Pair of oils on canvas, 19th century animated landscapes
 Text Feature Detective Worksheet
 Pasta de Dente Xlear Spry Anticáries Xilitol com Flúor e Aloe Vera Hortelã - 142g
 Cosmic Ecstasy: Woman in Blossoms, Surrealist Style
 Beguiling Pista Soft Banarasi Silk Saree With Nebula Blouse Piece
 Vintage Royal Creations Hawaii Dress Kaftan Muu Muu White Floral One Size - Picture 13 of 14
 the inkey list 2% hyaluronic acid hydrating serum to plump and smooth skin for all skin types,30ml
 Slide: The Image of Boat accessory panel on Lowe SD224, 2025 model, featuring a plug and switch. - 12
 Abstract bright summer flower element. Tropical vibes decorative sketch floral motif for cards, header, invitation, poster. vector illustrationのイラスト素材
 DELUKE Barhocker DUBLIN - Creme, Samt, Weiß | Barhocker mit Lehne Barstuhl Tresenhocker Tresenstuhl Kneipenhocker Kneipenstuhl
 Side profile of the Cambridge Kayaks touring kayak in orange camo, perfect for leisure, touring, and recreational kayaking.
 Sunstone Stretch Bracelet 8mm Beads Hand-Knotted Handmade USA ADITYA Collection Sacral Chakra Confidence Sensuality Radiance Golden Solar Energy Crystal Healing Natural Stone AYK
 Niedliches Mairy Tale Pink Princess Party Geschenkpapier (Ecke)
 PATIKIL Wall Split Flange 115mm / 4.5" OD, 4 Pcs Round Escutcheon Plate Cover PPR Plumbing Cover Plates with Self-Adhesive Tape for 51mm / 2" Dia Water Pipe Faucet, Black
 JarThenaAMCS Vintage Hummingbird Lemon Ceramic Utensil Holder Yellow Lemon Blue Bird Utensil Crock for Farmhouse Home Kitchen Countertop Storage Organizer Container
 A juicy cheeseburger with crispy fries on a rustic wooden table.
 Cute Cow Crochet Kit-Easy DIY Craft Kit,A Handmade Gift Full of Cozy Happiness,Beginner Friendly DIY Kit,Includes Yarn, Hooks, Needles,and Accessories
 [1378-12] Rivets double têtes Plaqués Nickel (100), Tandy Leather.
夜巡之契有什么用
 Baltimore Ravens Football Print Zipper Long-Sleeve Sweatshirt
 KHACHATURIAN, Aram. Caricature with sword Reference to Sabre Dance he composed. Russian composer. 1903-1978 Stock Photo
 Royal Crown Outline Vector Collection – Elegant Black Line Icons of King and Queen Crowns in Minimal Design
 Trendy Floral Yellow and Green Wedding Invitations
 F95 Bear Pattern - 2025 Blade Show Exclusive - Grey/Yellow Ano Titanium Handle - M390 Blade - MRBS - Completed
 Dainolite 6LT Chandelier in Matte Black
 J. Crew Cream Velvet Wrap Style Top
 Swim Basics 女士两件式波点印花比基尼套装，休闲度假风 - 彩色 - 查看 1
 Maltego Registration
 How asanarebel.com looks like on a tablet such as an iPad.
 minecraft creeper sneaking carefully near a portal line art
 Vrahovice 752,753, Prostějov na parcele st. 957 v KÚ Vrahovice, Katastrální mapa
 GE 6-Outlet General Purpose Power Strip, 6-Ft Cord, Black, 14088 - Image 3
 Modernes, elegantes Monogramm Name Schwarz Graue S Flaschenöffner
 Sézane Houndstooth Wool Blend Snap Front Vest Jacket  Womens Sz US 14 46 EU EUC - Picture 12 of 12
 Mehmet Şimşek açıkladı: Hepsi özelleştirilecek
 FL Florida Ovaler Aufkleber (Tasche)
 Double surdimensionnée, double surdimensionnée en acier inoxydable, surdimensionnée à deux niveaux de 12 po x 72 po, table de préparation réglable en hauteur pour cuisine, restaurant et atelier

__Goal of the exercise__: How many lines of the entries contain the word "Collection"? Only the number is wanted.

__Response area__: 2